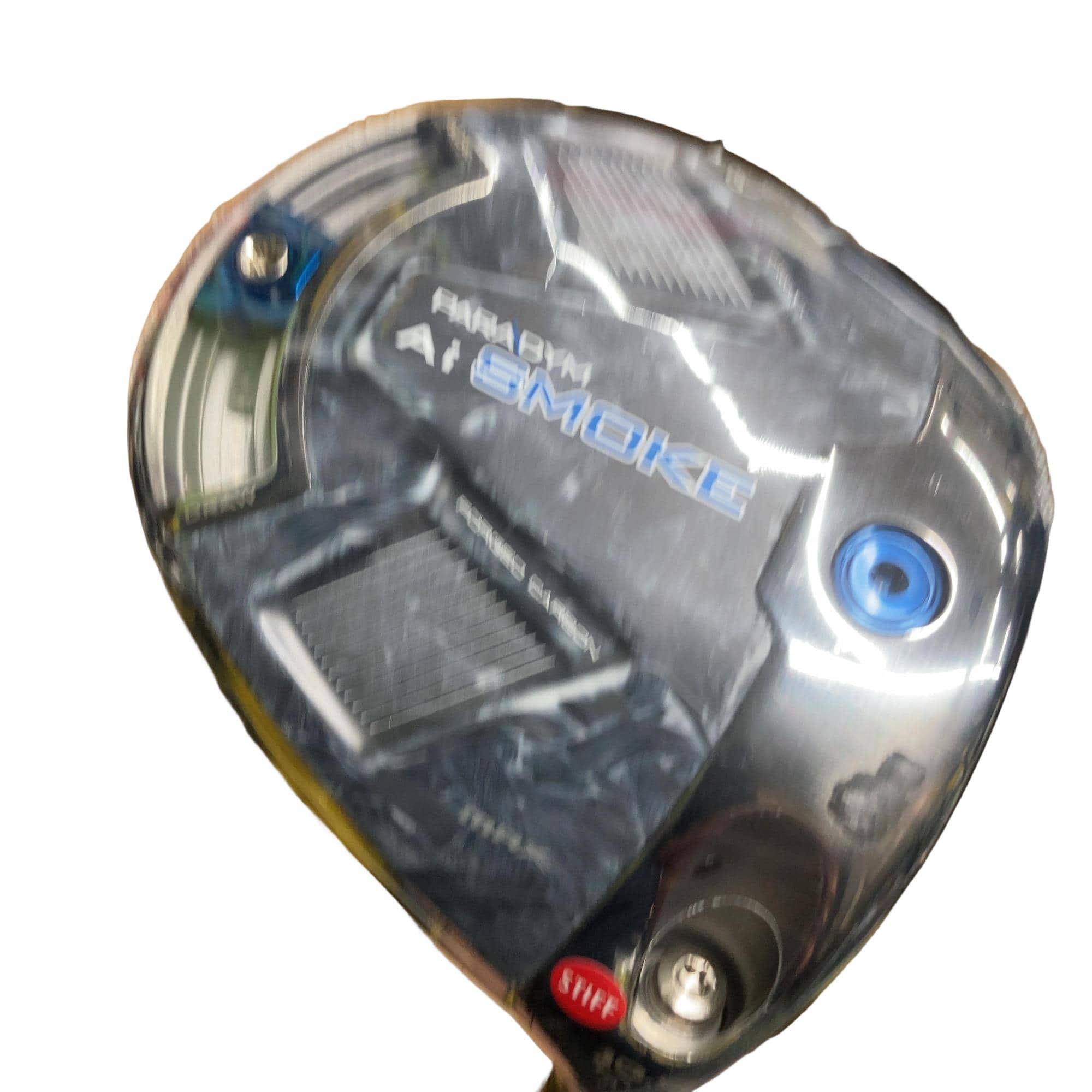 �o�`�q�`�c�x�l�@�`���@�r�l�n�j�d�@�l�`�w�@�P�O�D�T°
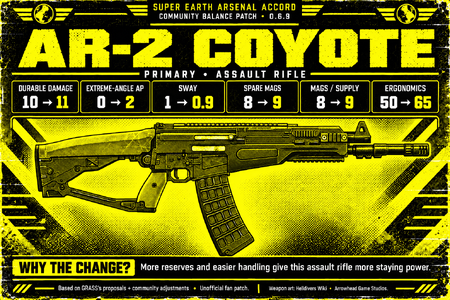 ar_2_coyote.png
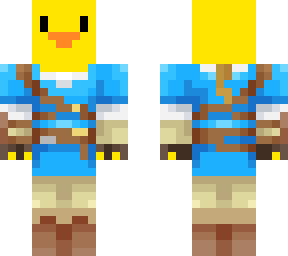 link ducc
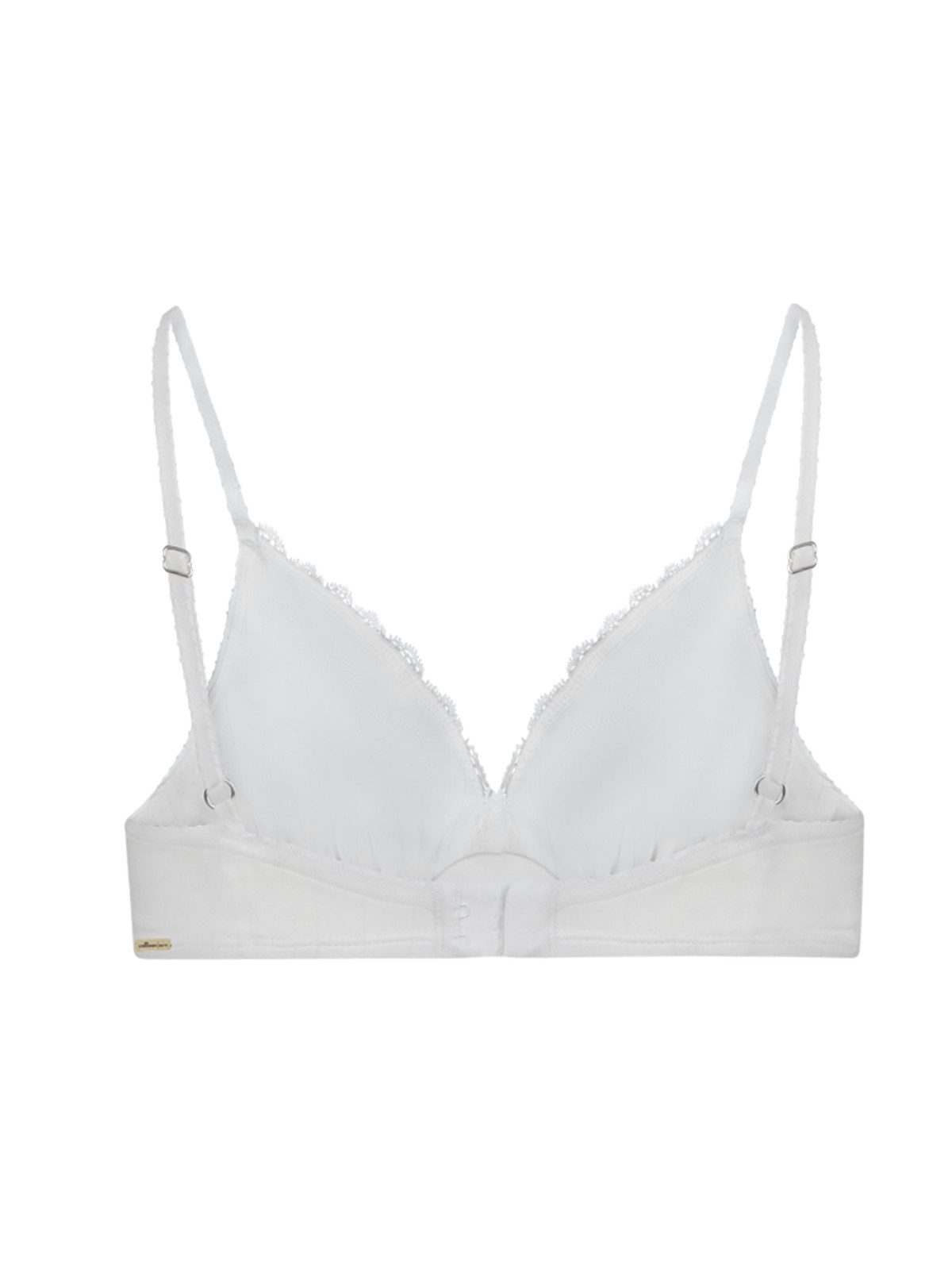 comazo Soft-BH Soft BH 2778 (Stück, 1-tlg) -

———

■ TASK PROMPT:
Restate the entire listing word for word, excluding pictures.

■ ANSWER TO THE EXERCISE:
 �o�`�q�`�c�x�l�@�`���@�r�l�n�j�d�@�l�`�w�@�P�O�D�T°
 ar_2_coyote.png
 link ducc
 comazo Soft-BH Soft BH 2778 (Stück, 1-tlg) -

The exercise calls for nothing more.